Pocos años después de la apertura de la cafetería Pop’s en la plaza Villarreal, sus propietarios -los antiguos futbolistas del Calvo Sotelo Juan Portilla y Ramón Posada- ampliaron el lucrativo negocio con la puesta en marcha de una discoteca al fondo del local. Se trataba de un lugar recogido y oscuro, apto para el desfogue de las parejas más temperamentales. Disponía de una iluminación apenas esbozada por unas lamparillas de filamentos sobre las mesillas. Resultaba un misterio cómo eran capaces los camareros (un afectuoso recuerdo al servicial Faustino) de avanzar entre el mobiliario sin tropezarse.
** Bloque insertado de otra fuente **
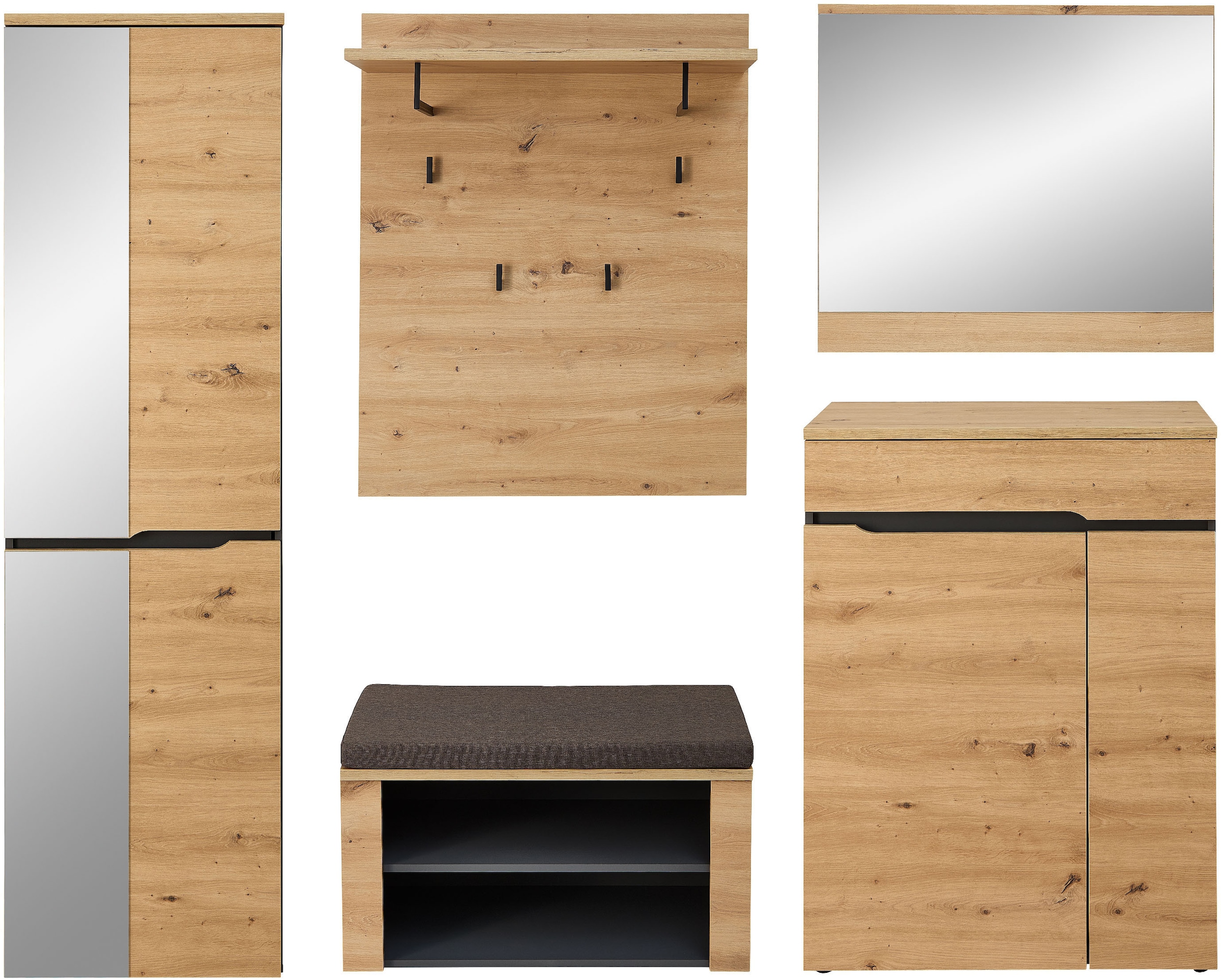 OTTO home Garderoben-Set »Fargo Garderobenset, 245/192/38 (B/H/T cm)« 5 Stk. tlg.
Por supuesto, la única música admitida era de ritmo lento y vehemencia rápida con el objetivo de permitir la pronta adaptación al recoleto espacio.
En los bajos del edificio Tauro, haciendo esquina con la farmacia de doña Leticia, abrió sus puertas una discoteca en forma de gruta que recibió el nombre de Drag, quizá como homenaje a las afamadas Cuevas del Drach de Mallorca. Esta singularidad le permitió una rápida aceptación por parte de la fauna nocturna. Se trataba de un espacio acogedor y amplio que organizaba actos de diversa índole. En ella tuvo lugar la subasta con fines benéficos del boceto del Monumento al Minero del cerro de Santa Ana, que se adjudicó Manuel Muñoz Moreno, periodista del Gabinete de Prensa del Ayuntamiento que se había implicado en la campaña para erigir el monumento y había entablado estrecha amistad con su autor, José Noja.
La discoteca Nausícaa, ubicada en la calle Numancia en las proximidades del mercado de abastos, llegó a ser durante un largo tiempo la favorita de los noctámbulos. Alternaba con eficaz resultado diferentes estilos de música para satisfacer todos los gustos. Su éxito dio lugar a que ampliara sus instalaciones añadiendo el local colindante, creando dos espacios con distintos ambientes que multiplicaron la clientela.
Ya avanzados los años ochenta, se unió a la amplia nómina de discotecas la situada en la calle Muelle, frente a puerta lateral de Mercadona, con el nombre de Trazos, que pertenecía a la emprendedora familia Rivera. Era un local amplísimo, habilitado para sala de fiestas, discoteca y celebración de bodas y acontecimientos sociales. En su local se celebraron varios años los actos de carnaval del Ayuntamiento con éxito memorable.
También en los años ochenta se produjo la apertura de una discoteca de verano situada en la avenida de Ciudad Real, un poco más abajo del hotel Cabañas. Alternaba su carácter de discoteca con el de asador al aire libre. Su vigencia se redujo a un par de temporadas a pesar del éxito del primer momento.
Este amplio muestrario pone de manifiesto la vitalidad en el ámbito lúdico de Puertollano. Una muestra más del dinamismo histórico de nuestra ciudad.